__About this task__: Please copy only the material from the line that has "JOY 3D Circle" to the very last line, both ends included, exactly as written and without pictures.

__Records shown__:

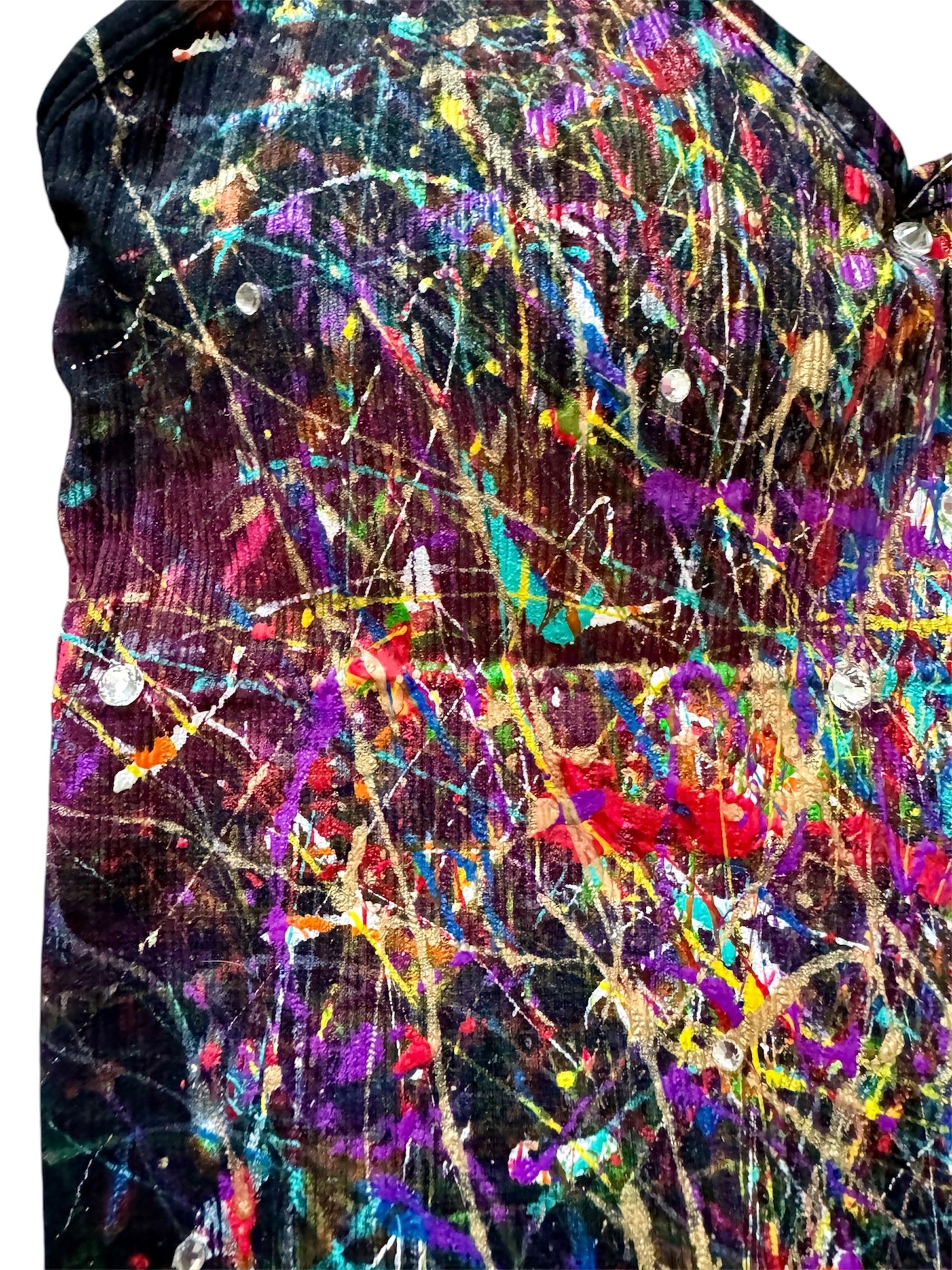 Wearable Art! Hand-Painted Stretchy Black Singlet by Dani Wilson. Size M/L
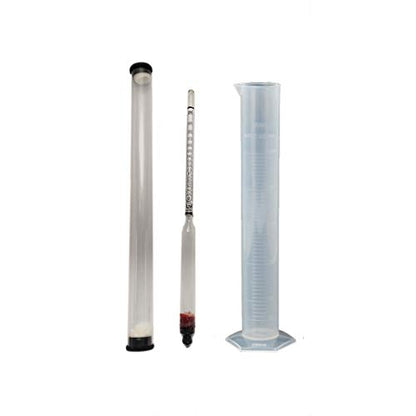 Hydrometer 0-200 Proof & Tralle Alcohol Meter Distilling Set with Case and Jar Test Liquor Moonshine Proofing Spirits Homebrew Alcohol Meter
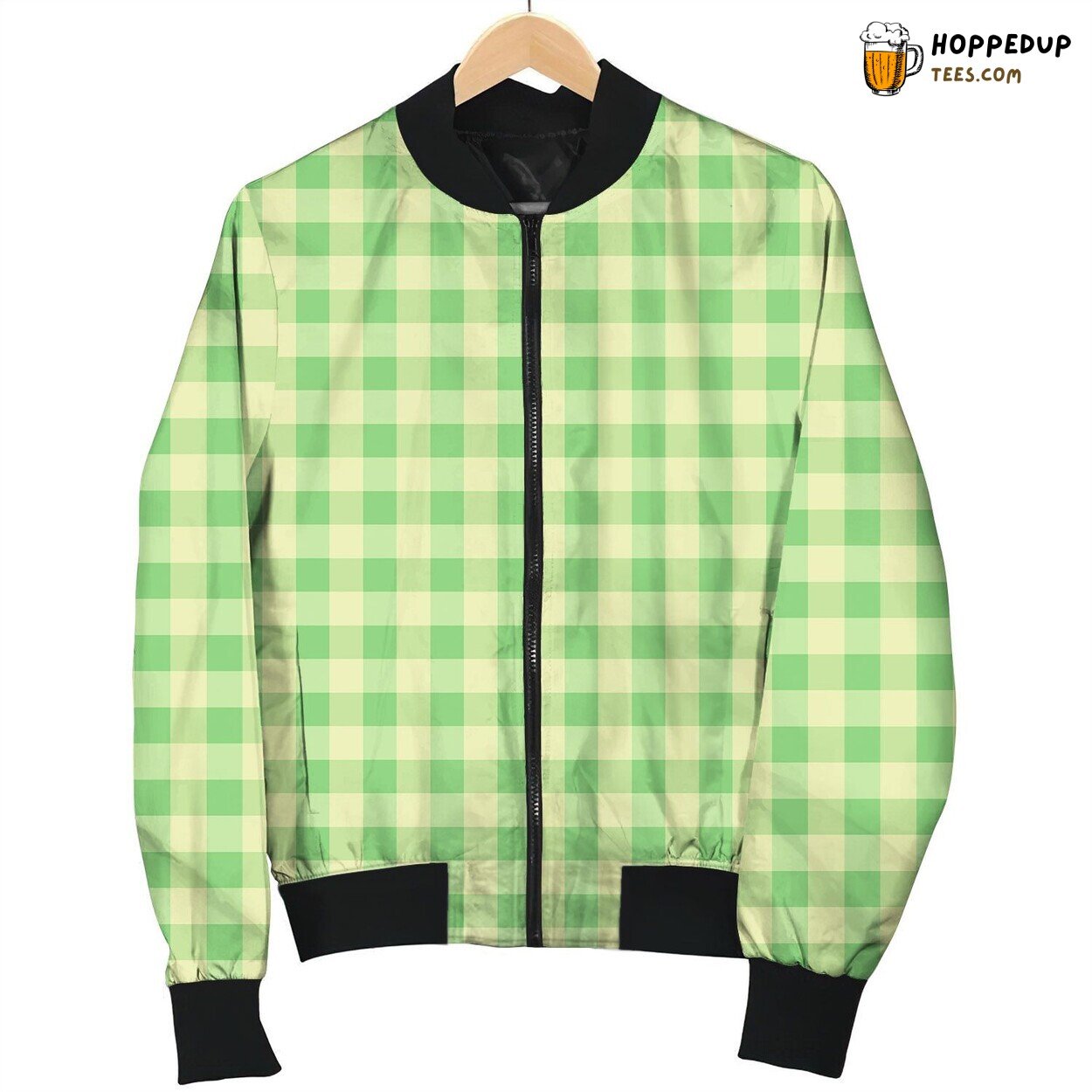 Green Gingham Cute Bomber Jacket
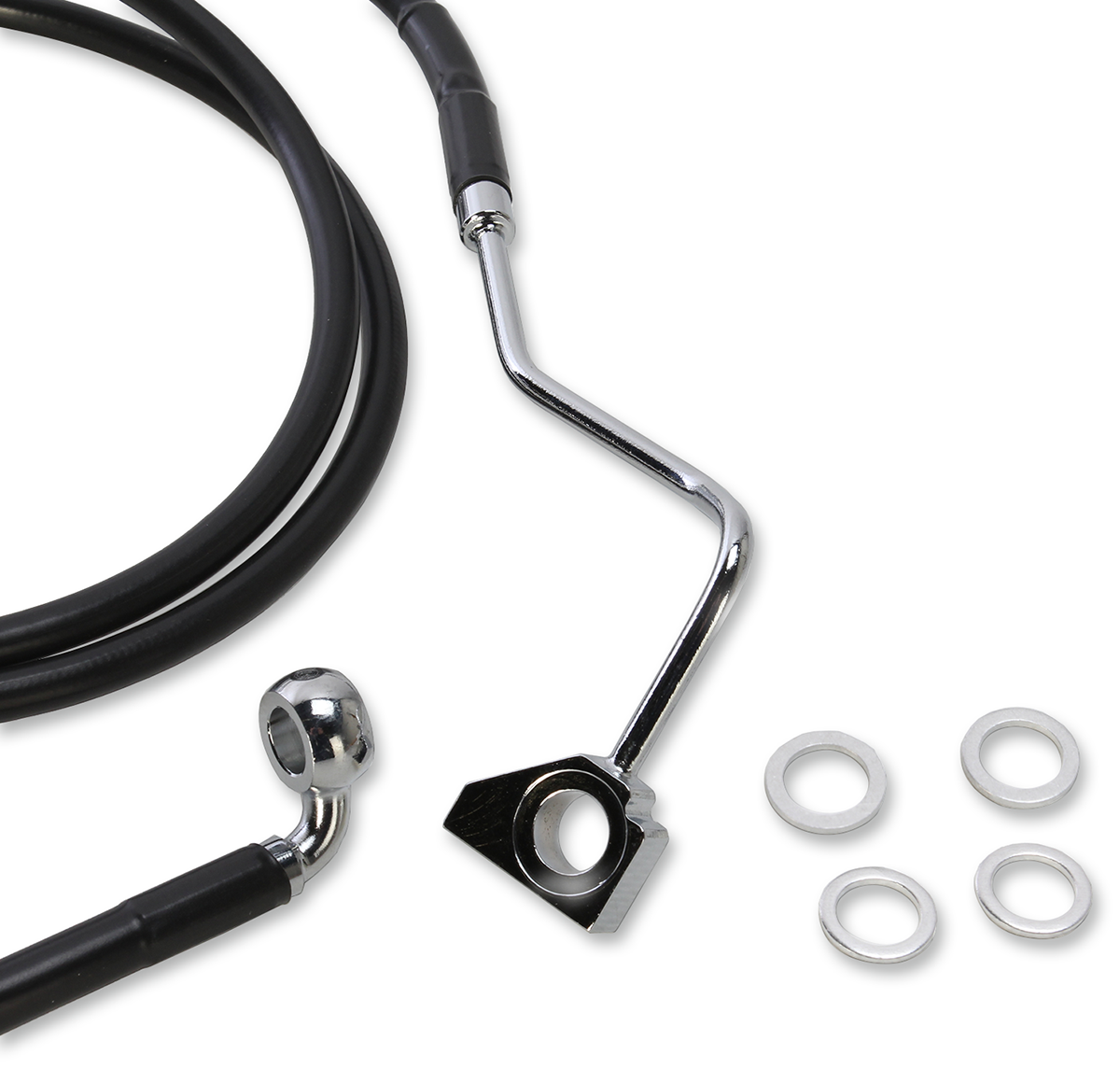 DRAG SPECIALTIES Brake Line - Front (Upper) - Black - +6" 615220-6BLK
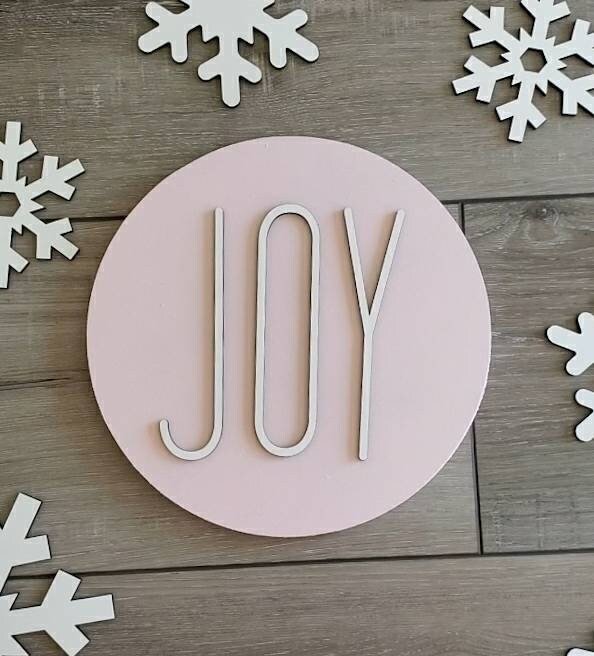 JOY 3D Circle Wood Sign/ Christmas Decor/ Christmas Sign/ Fall Wood Sign/ Front Porch Sign/ Kids Christmas Sign/ Kids Christmas decor - Pearline Design Co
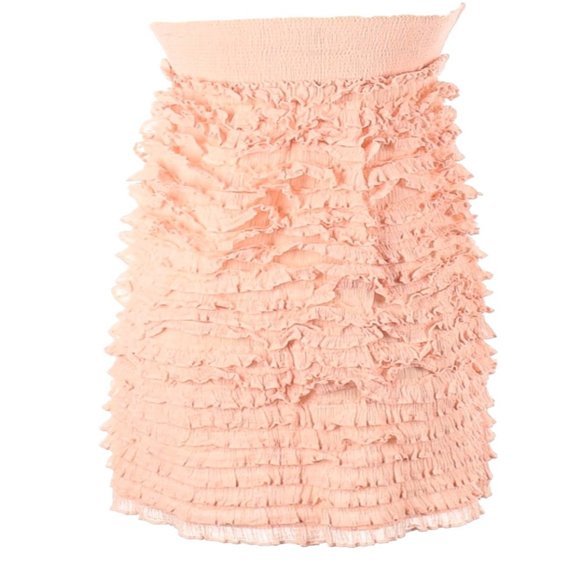 J.Crew Collection Sz Small Peach Ruffle Convertible Strapless / Halter Dress - Picture 2 of 10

__Exercise answer__:
 JOY 3D Circle Wood Sign/ Christmas Decor/ Christmas Sign/ Fall Wood Sign/ Front Porch Sign/ Kids Christmas Sign/ Kids Christmas decor - Pearline Design Co
 J.Crew Collection Sz Small Peach Ruffle Convertible Strapless / Halter Dress - Picture 2 of 10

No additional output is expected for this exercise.